Helps with schema evolution from e.g. long -> float, which is supported
on the query side.
* Take columns from highest timestamp instead of max segment id.
* Fixes and docs.
* SQL: Add context and contextual functions to planner.
Added support for context parameters specified as JDBC connection properties
or a JSON object for SQL-over-JSON-over-HTTP.
Also added features that depend on context functionality:
- Added CURRENT_DATE, CURRENT_TIME, CURRENT_TIMESTAMP functions.
- Added support for time zones other than UTC via a "timeZone" context.
- Pass down query context to Druid queries too.
Also some bug fixes:
- Fix DATE handling, it was largely done incorrectly before.
- Fix CAST(__time TO DATE) which should do a floor-to-day.
- Fix non-equality comparisons to FLOOR(__time TO X).
- Fix maxQueryCount property.
* Pass down context to nested queries too.
* SQL: Add resolution parameter to quantile agg, rename to APPROX_QUANTILE.
* Fix bug with re-use of filtered approximate histogram aggregators.
Also add APPROX_QUANTILE tests for filtering and running on complex columns.

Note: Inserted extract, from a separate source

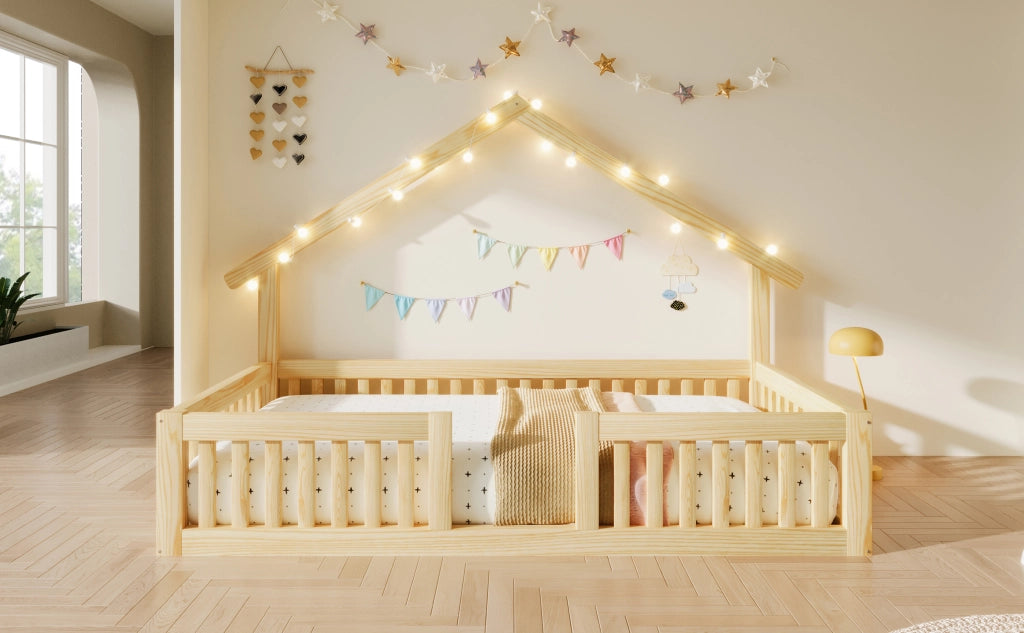 Letto a casetta 90x200 cm in legno naturale con sponde di sicurezza e striscia LED
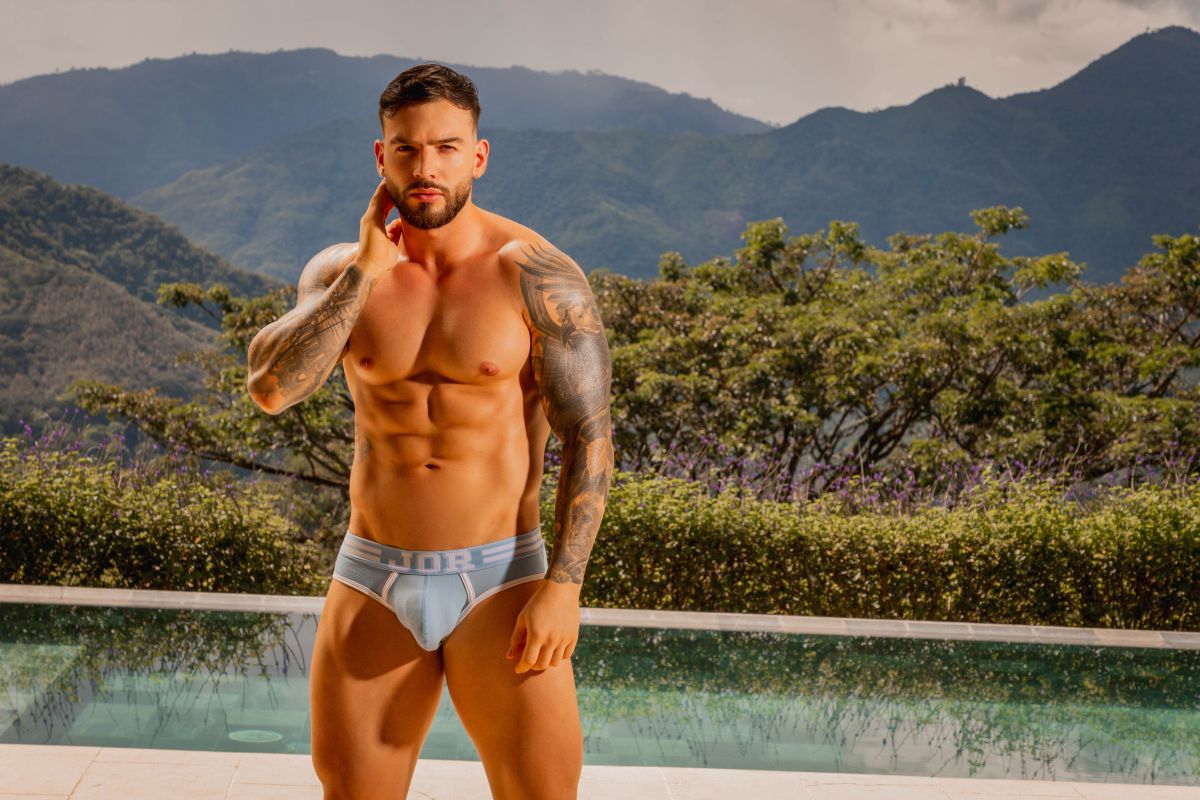 College Briefs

Includes some slight refactoring to allow tests to make DruidTables that
include complex columns.
* Remove unused import
* SQL: Ditch CalciteConnection layer and add DruidMeta, extension aggregators.
Switched from CalciteConnection to Planner, bringing benefits:
- CalciteConnection's JDBC interface no longer sits between the SQL server
(HTTP/Avatica) and Druid's query layer. Instead, the SQL servers can use
Druid Sequence objects directly, reducing overhead in the query return path.
- Implemented our own Planner-based Avatica Meta, letting us control
connection timeouts and connection / statement limits. The previous
CalciteConnection-based implementation didn't have any limits or timeouts.
- The Planner interface lets us override the operator table, opening up
SQL language extensions. This patch includes two: APPROX_COUNT_DISTINCT
in core, and a QUANTILE aggregator in the druid-histogram extension.
Also:
- Added INFORMATION_SCHEMA metadata schema.
- Added tests for Unicode literals and escapes.
* Verify statement is actually open before closing it.
* More detailed INFORMATION_SCHEMA docs.
* SQL support for nested groupBys.
Allows, for example, doing exact count distinct by writing:
SELECT COUNT(*) FROM (SELECT DISTINCT col FROM druid.foo)
Contrast with approximate count distinct, which is:
SELECT COUNT(DISTINCT col) FROM druid.foo
* Add deeply-nested groupBy docs, tests, and maxQueryCount config.
* Extract magic constants into statics.
* Rework rules to put preconditions in the "matches" method.